This tutorial focuses on CosMx protein data, which provides Fields of View (FoVs) with cell identifiers. Note that FoVs are unique to CosMx.
Additionally, even if not tested, the same approach can be extended on Akoya
CODEX data, as far as a SpatialExperiment
object is created.
Polygons can be loaded later if needed.
The plotCellsFovs
function shows a map of the FoVs within an experiment.
This plot is specific to CosMx data and uses cell centroids.
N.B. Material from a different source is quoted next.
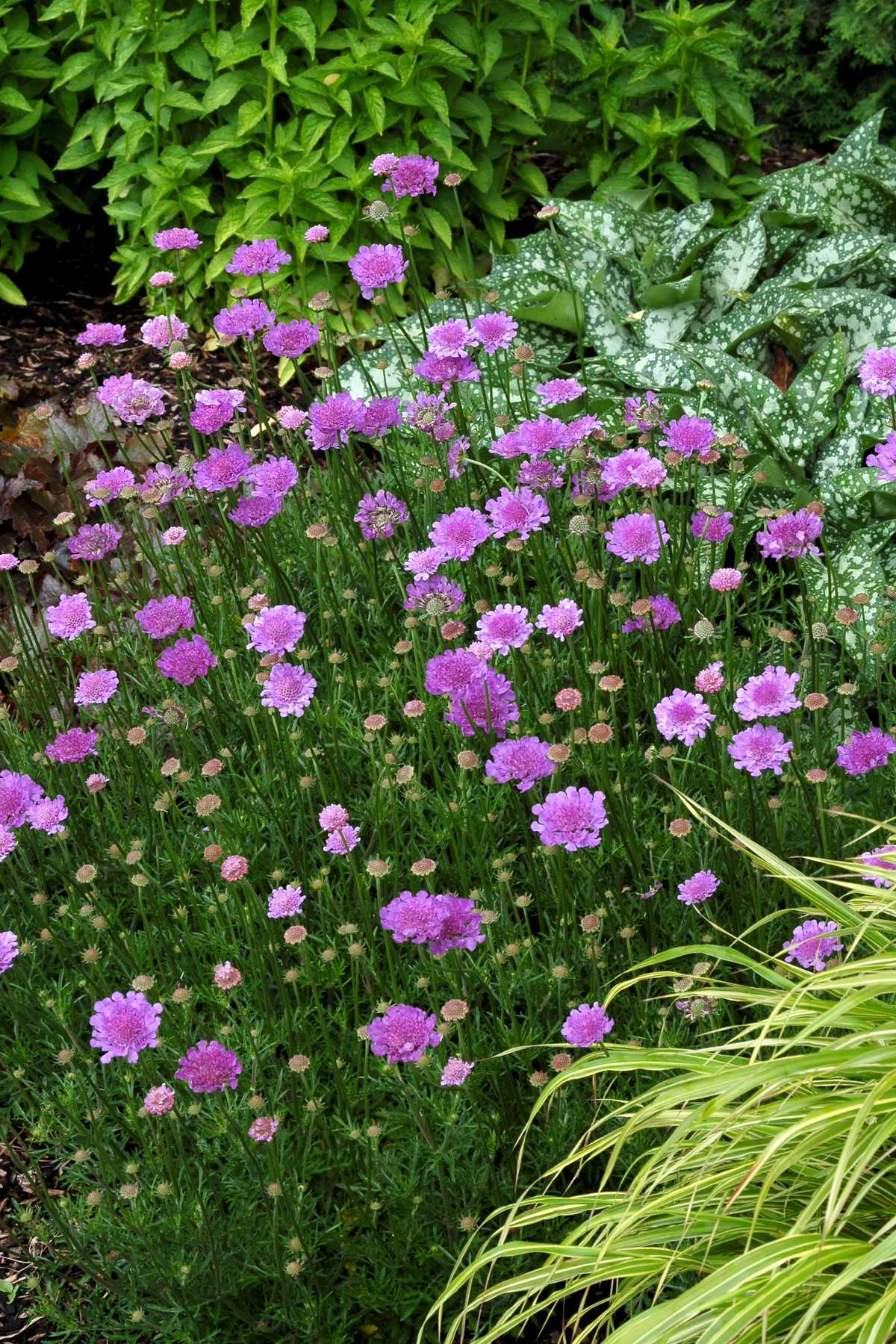 ASSORTED PINCUSHION FLOWER 1gal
Please keep in mind, that this specific experiment had unaligned fov_positions
and cell centroids positions.
An alignment approach, can be found at the end of the scripts/datacreation.R
file.
# Plot the cells within their respective Field of Views (FOVs)
plotCellsFovs(spe)
Because the dataset is a subset of just one Field of View of the original experiment, we are able to see the identifier of the FoV in black and the centroids of the cells in purple.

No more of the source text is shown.